Well, if it weren't for two things I probably would be out camping all the time. One, my body hurts! Two, I could not find one toilet out there! (Not listed here by most compelling.)

The subject stinks, but it is something done when out camping/hunting in Alaska. Alaska does not have nice campgrounds with bathrooms here and there to use way out in the toolies. We bike up into the mountains where the wild animals roam, the weeds are tall as my shoulders, we hear noises I've never heard at home and unless you live on Anchorage's Hillside - tracks not normally found in your backyard.

After reading that God instructed the Israelite's specifically to keep their camps clean, we keep ours clean. God walked through the Israelite's camp protecting them and delivering enemies into their hands and God required that it should be kept clean unless He should turn away from them when there is anything indecent.
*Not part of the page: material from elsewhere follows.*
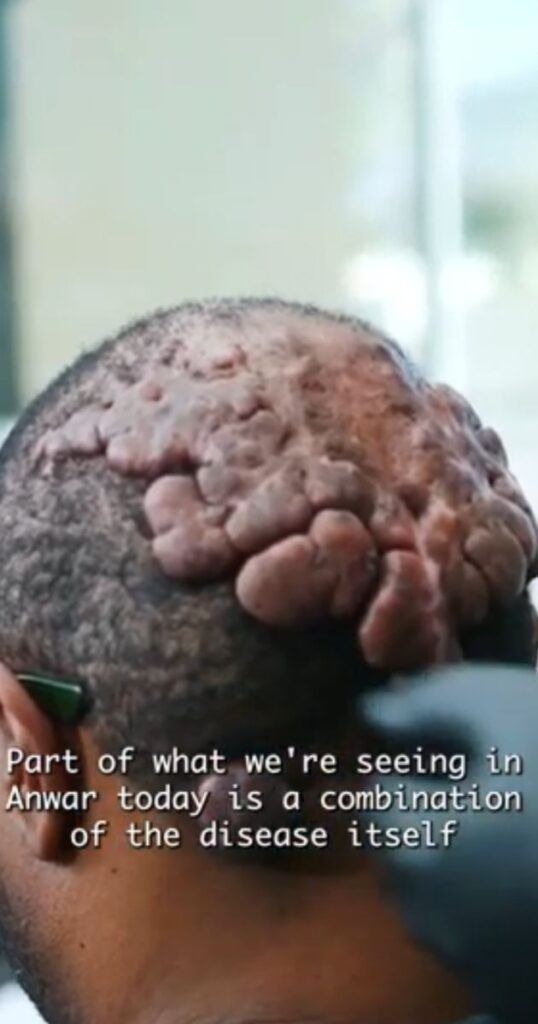 Dr. Sanusi Umar is examining Umar’s scalp. Anwar’s case is complicated by two distinct scalp conditions at work, Folliculitis Decalvans and Acne Keloidalis Nuchae.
Dueteronomy 23:12-14.

My kids have gone on some "low impact" camping trips where the way that they got rid of their natural emissions is truely ugly! They had to smear them into the rocks with their shoes! HORRORS! I have also heard that some campers carry their stinkers back out with them in bags. Imagine how horrible that would have been if God asked Israel to do that? Millions of bags of stinkers. I guess there is a reason for having rules like these but I hope it never comes to that in Alaska. Alaskan's, please take care of our countryside. Take out your trash. Look back at your site and see if it looks natural, no litter! Please stop shooting cans and bottles and leaving the mess. Clean it up!

At first light the next morning we heard moose. A bull was chasing a cow and her calf right next to our camp! I don't know which one was bellerin' but one of them was making lots of noise! That was exciting!
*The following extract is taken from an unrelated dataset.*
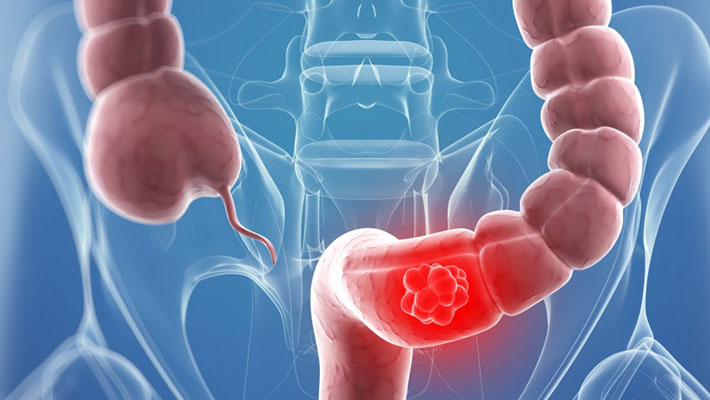 Colorectal Cancer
Since I am slow climbing out of our tent, I missed everything. By the time I was out, Doug was gone too ---checking out whether or not the bull was legal to shoot.

So, there I am, all alone and thinking about those bear tracks but mostly the one that left them there. And now, I felt like I was being watched. I listened, looked around, then decided I am going to make a fire. Bears don't like fire, I hoped.

We had kept a clean camp. We stored our food away from our tent. I wondered if my movements might look like a nice morning play-thing to a bored bear that might be watching me from the golden shrubs. Sort of like a cat with a mouse.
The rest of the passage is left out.